▸ **Problem**
When a line in the entries below contains the word "München", copy that line.

▸ **Records for this task**
────
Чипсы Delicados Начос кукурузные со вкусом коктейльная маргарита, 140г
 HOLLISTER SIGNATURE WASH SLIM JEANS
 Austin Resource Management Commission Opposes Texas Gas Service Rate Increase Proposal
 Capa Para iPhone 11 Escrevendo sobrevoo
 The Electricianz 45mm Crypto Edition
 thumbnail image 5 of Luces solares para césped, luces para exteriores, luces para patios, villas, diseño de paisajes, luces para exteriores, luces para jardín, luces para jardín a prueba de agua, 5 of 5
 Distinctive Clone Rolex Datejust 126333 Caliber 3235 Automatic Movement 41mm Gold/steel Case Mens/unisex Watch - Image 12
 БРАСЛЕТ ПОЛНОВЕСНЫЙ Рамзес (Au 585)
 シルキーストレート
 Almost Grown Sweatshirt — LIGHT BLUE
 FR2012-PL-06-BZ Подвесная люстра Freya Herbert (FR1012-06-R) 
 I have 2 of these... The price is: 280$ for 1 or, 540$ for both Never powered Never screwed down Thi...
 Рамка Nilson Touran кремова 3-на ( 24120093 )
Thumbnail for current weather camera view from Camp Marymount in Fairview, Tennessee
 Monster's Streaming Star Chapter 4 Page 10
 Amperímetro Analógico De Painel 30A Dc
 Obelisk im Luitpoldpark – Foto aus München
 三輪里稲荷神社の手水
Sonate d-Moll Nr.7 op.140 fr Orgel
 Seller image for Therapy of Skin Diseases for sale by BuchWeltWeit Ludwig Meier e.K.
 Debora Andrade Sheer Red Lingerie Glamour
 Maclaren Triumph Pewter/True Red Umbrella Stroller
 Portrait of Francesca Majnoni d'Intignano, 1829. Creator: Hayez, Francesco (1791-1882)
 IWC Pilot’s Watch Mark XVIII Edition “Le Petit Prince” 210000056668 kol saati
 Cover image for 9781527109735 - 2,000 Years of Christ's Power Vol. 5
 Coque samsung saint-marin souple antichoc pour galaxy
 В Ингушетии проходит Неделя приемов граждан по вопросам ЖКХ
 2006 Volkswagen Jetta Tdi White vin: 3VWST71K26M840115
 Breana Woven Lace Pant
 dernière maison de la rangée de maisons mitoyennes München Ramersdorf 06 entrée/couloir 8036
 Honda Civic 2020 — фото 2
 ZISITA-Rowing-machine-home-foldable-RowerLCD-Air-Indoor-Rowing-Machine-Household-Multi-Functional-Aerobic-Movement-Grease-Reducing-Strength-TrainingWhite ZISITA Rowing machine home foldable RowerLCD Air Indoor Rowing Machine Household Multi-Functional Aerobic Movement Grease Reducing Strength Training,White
────
▸ **Finished task**
 Obelisk im Luitpoldpark – Foto aus München
 dernière maison de la rangée de maisons mitoyennes München Ramersdorf 06 entrée/couloir 8036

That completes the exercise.